-- WHAT YOU HAVE TO DO --
Print the line containing "s’allume ou clign TOYOTA" and all lines after it to the end of the records below, exactly as written. No pictures.

(Scraped caption text data)
BEGIN

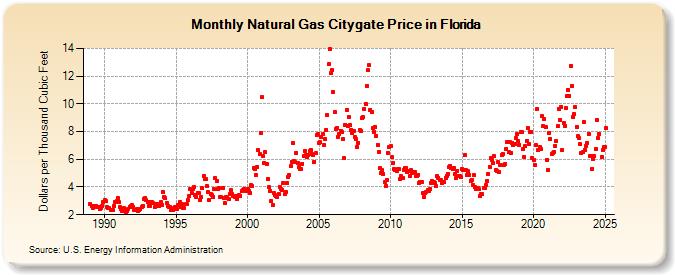 Natural Gas Citygate Price in Florida  (Dollars per Thousand Cubic Feet)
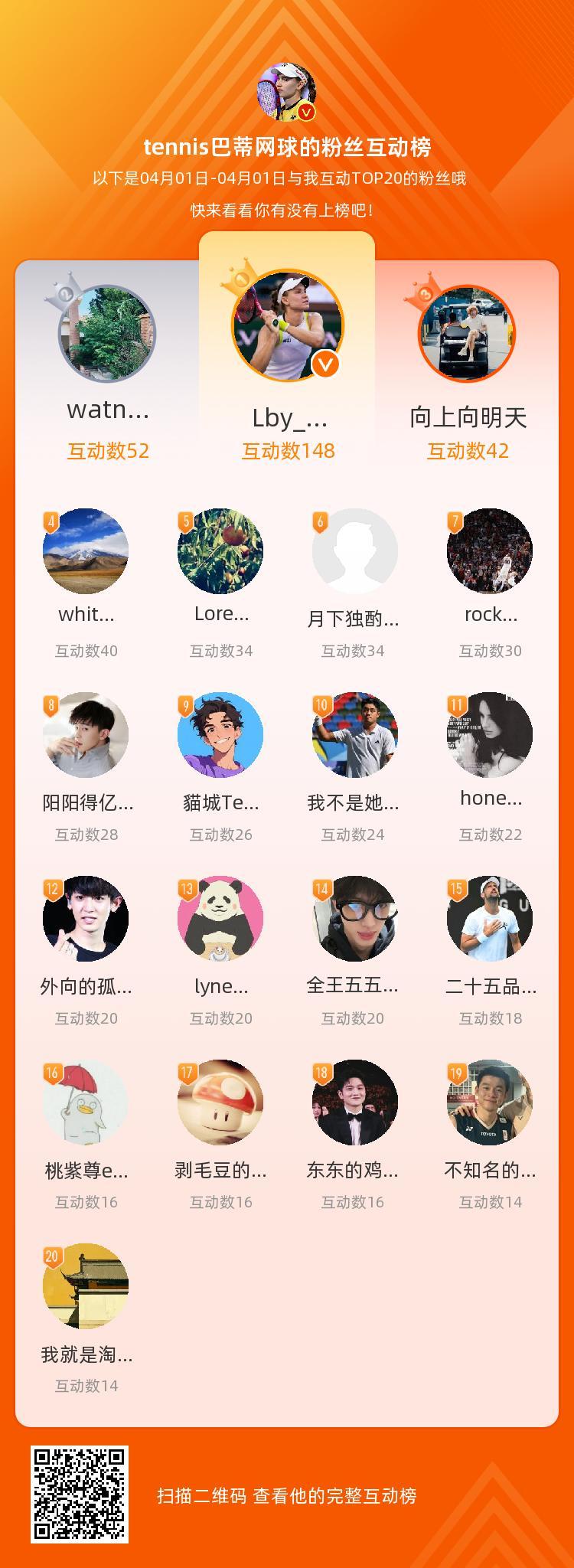 等，你们是我本月排名TOP20的粉丝，感谢你们的陪伴与支持，下个月的小礼物就按照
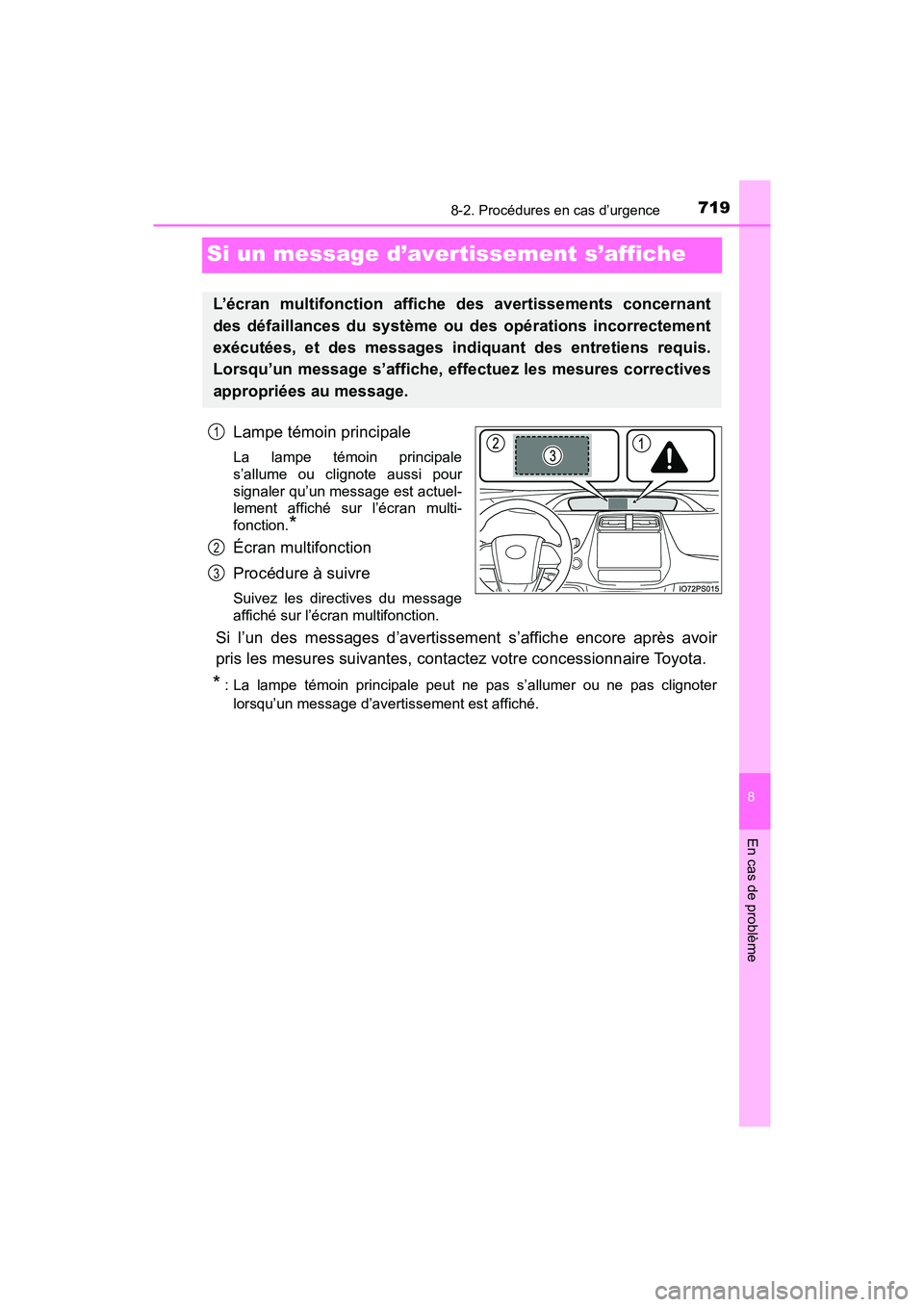 TOYOTA PRIUS 2019 Manuel du propriétaire (in French) 719
PRIUS_OM_OM47C35D_(D)
8
En cas de problème
8-2. Procédures en cas d’urgence
Si un message d’avertissement s’affiche
Lampe témoin principale
La lampe témoin principale
s’allume ou clign TOYOTA PRIUS 2019 Manuel du propriétaire (in French) 719
PRIUS_OM_OM47C35D_(D)
8
En cas de problème
8-2. Procédures en cas d’urgence
Si un message d’avertissement s’affiche
Lampe témoin principale
La lampe témoin principale
s’allume ou clign
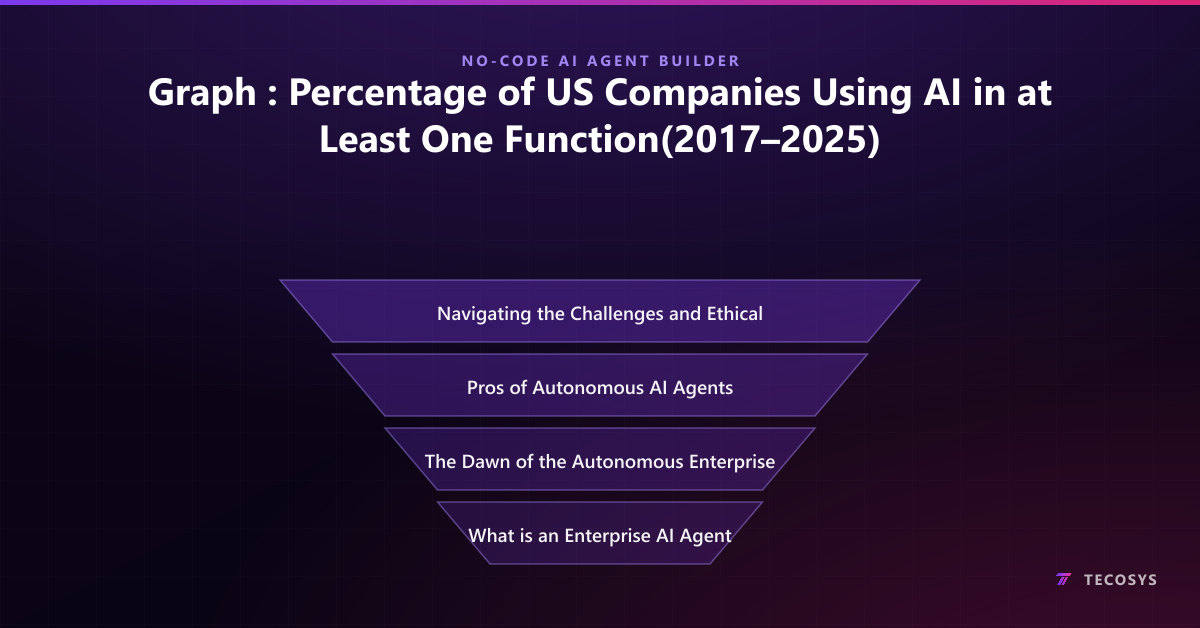 Graph : Percentage of US Companies Using AI in at Least One Function(2017–2025)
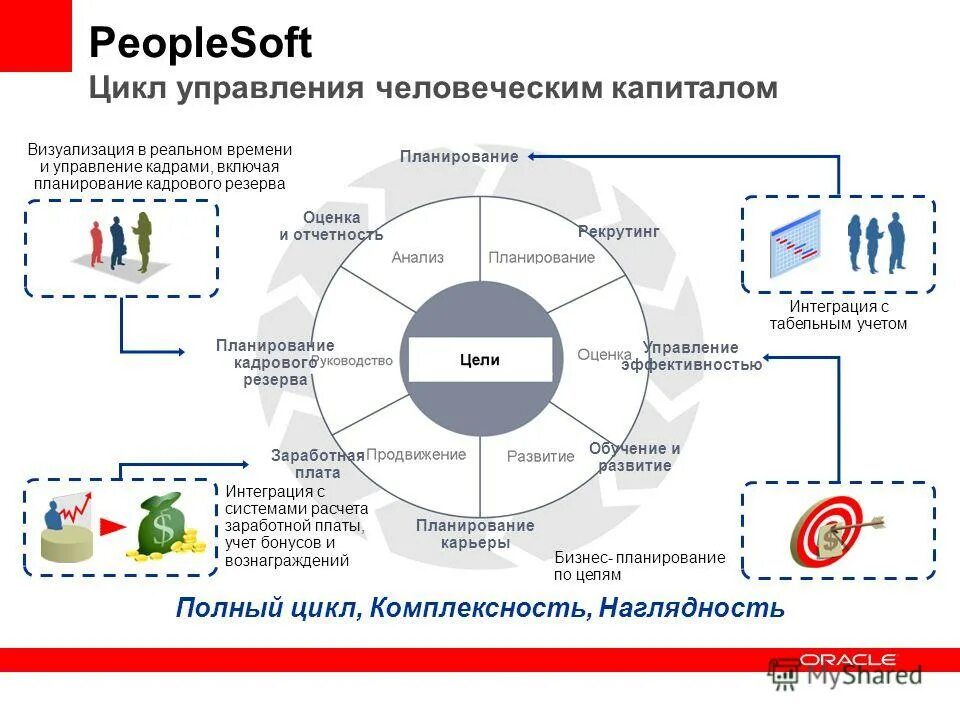 Бизнес проект приложение. Бизнес приложения. Бизнес планировщик. Приложения для бизнеса компьютера. Деловая программа.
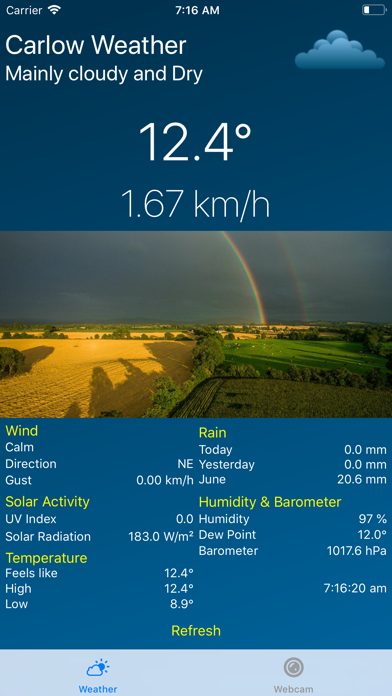 Carlow Weather screenshot 2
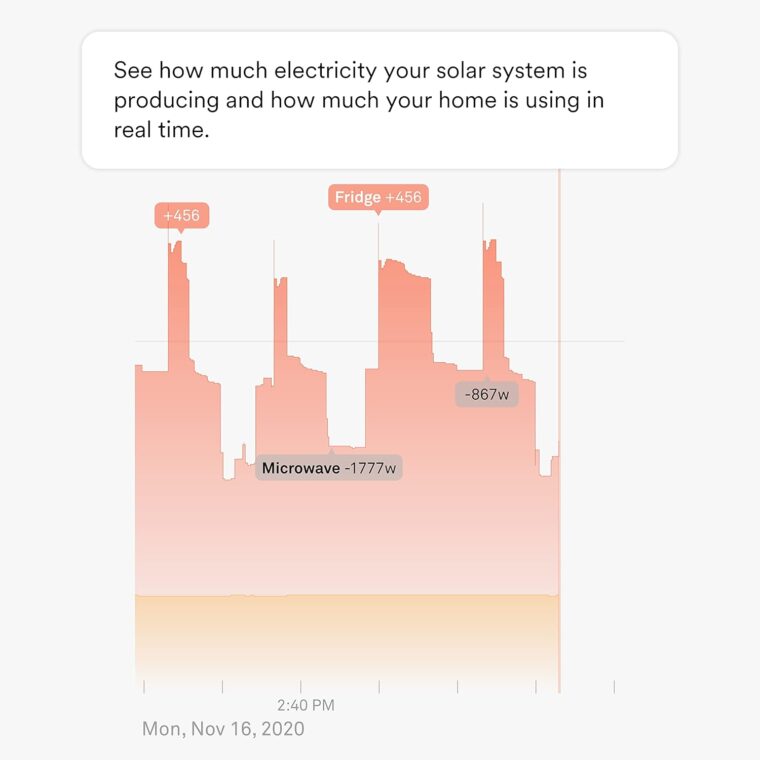 Sense Energy Monitor with Solar – Track Electricity Usage and Solar Production in Real Time Meets Rigorous ETL/Intertek Safety Standards - Image 2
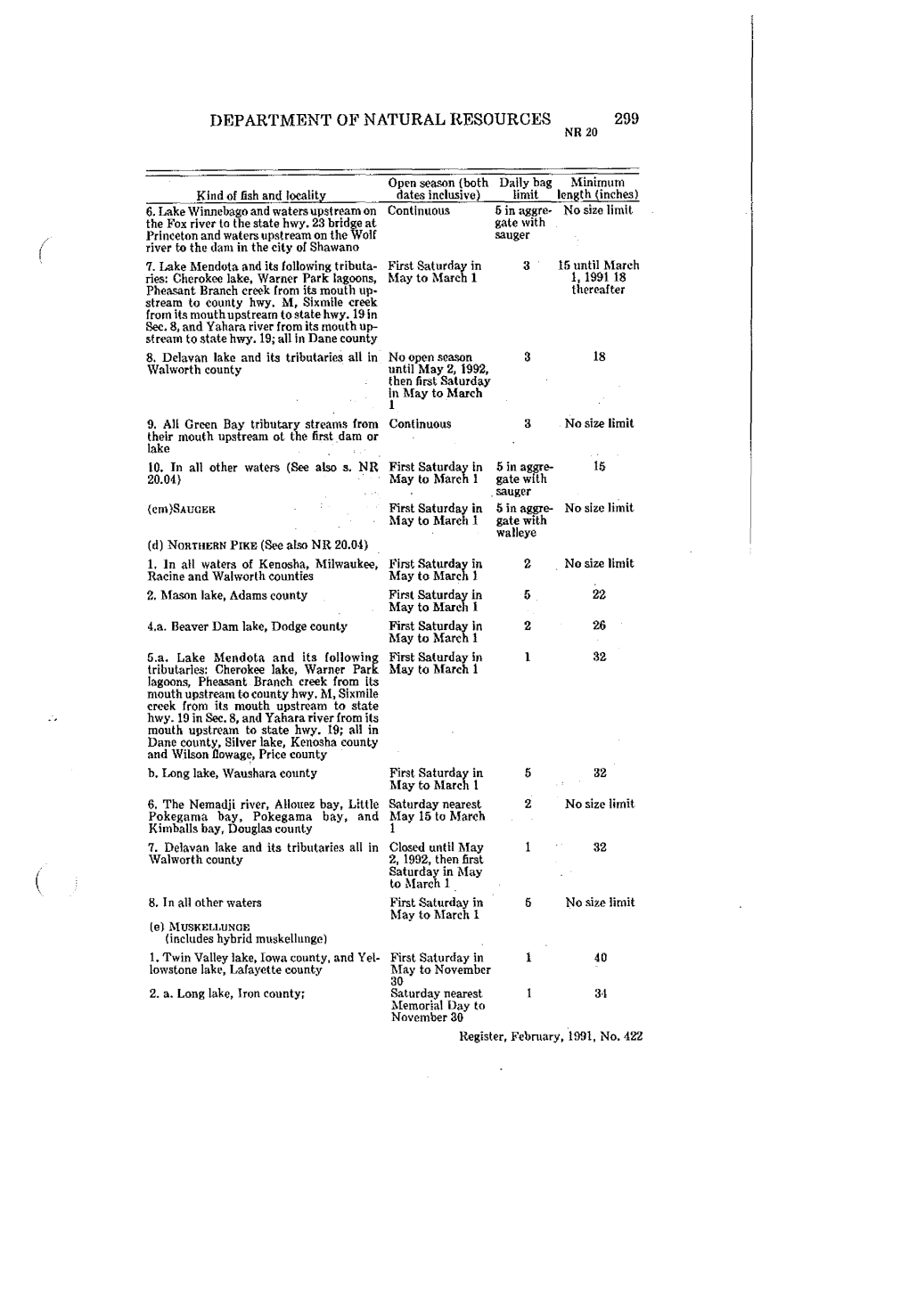 DEPARTMENT of NATURAL RESOURCES 299 No Size Limit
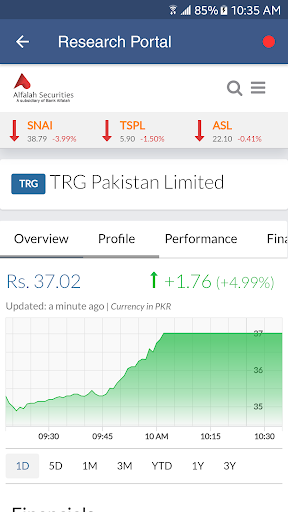 e-Falah Trade Screen 3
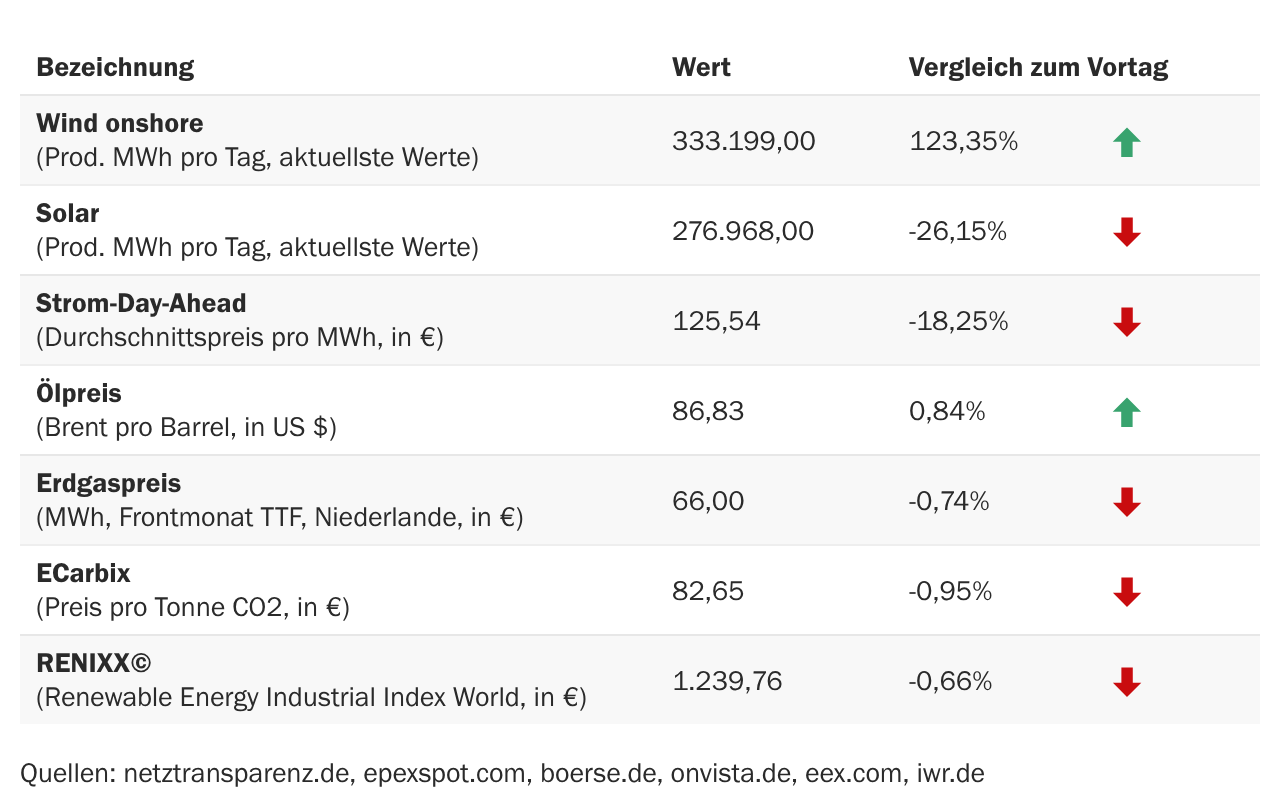 Marktdaten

END

-- TASK RESPONSE --
s’allume ou clign TOYOTA PRIUS 2019 Manuel du propriétaire (in French) 719
PRIUS_OM_OM47C35D_(D)
8
En cas de problème
8-2. Procédures en cas d’urgence
Si un message d’avertissement s’affiche
Lampe témoin principale
La lampe témoin principale
s’allume ou clign
 Graph : Percentage of US Companies Using AI in at Least One Function(2017–2025)
 Бизнес проект приложение. Бизнес приложения. Бизнес планировщик. Приложения для бизнеса компьютера. Деловая программа.
 Carlow Weather screenshot 2
 Sense Energy Monitor with Solar – Track Electricity Usage and Solar Production in Real Time Meets Rigorous ETL/Intertek Safety Standards - Image 2
 DEPARTMENT of NATURAL RESOURCES 299 No Size Limit
 e-Falah Trade Screen 3
 Marktdaten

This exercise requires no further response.